Instructions for the task: This exercise calls for an exact copy of the listing, with no pictures kept.

Data:
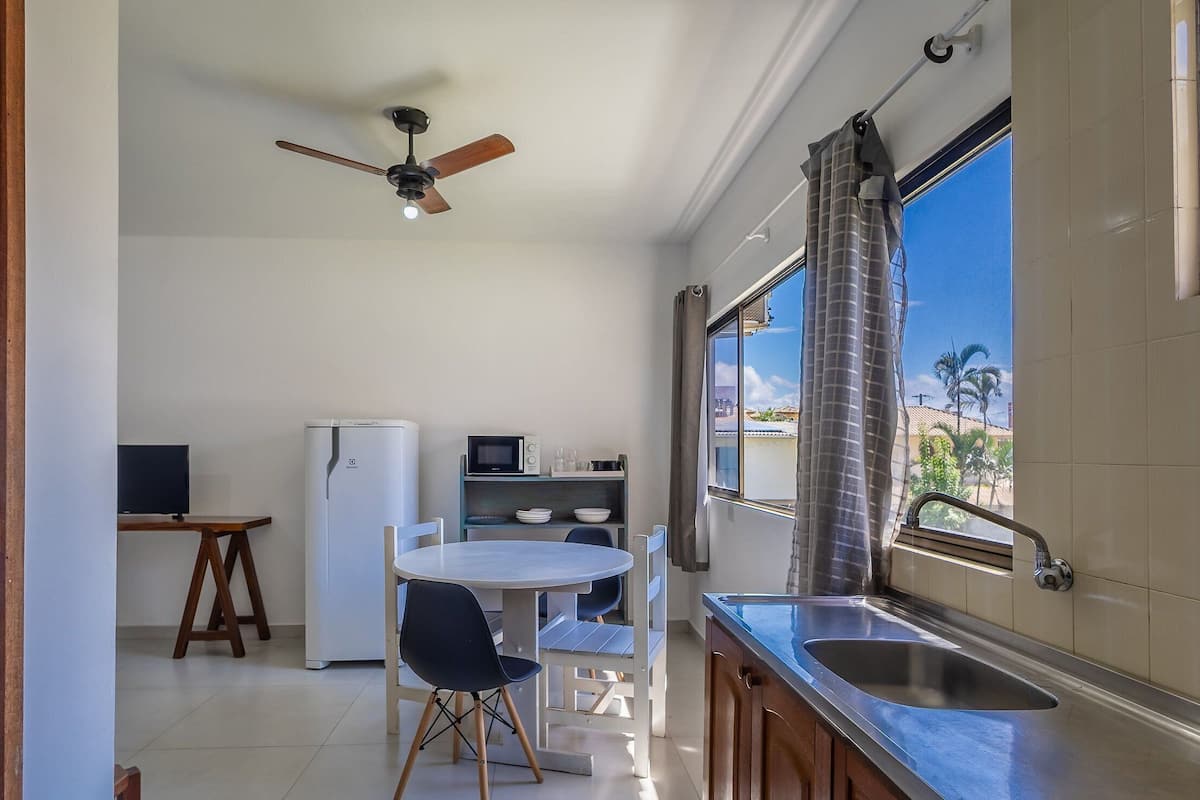 A compact kitchen with a dining area, a ceiling fan, and a view of palm trees through the window.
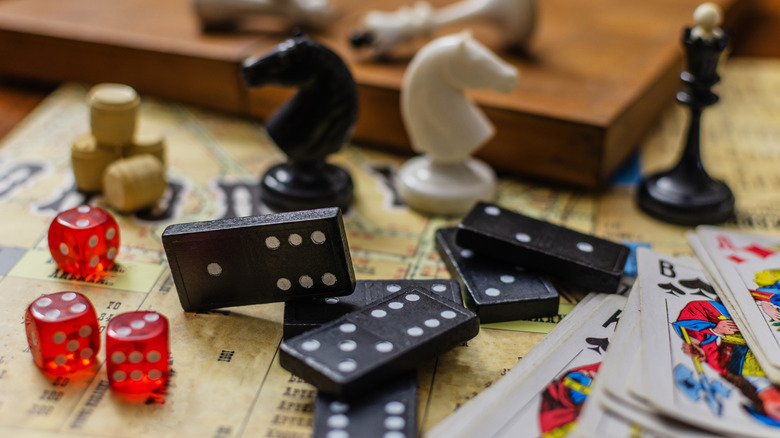 A close-up still life of various classic board game pieces including dice and chess pieces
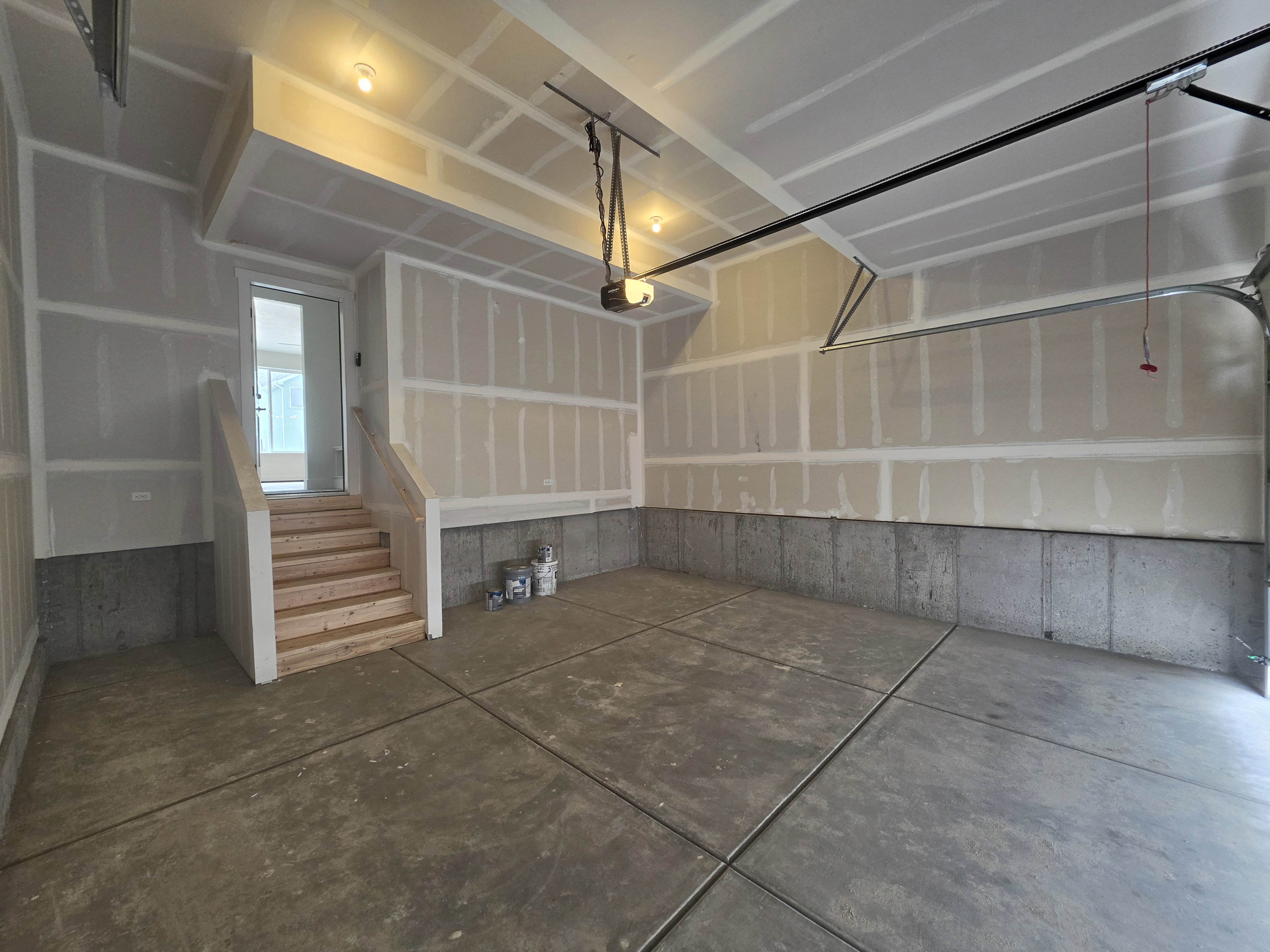 Spacious garage with a concrete floor, concrete wall paneling, and an interior staircase providing access to the property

Written answer:
 A compact kitchen with a dining area, a ceiling fan, and a view of palm trees through the window.
 A close-up still life of various classic board game pieces including dice and chess pieces
 Spacious garage with a concrete floor, concrete wall paneling, and an interior staircase providing access to the property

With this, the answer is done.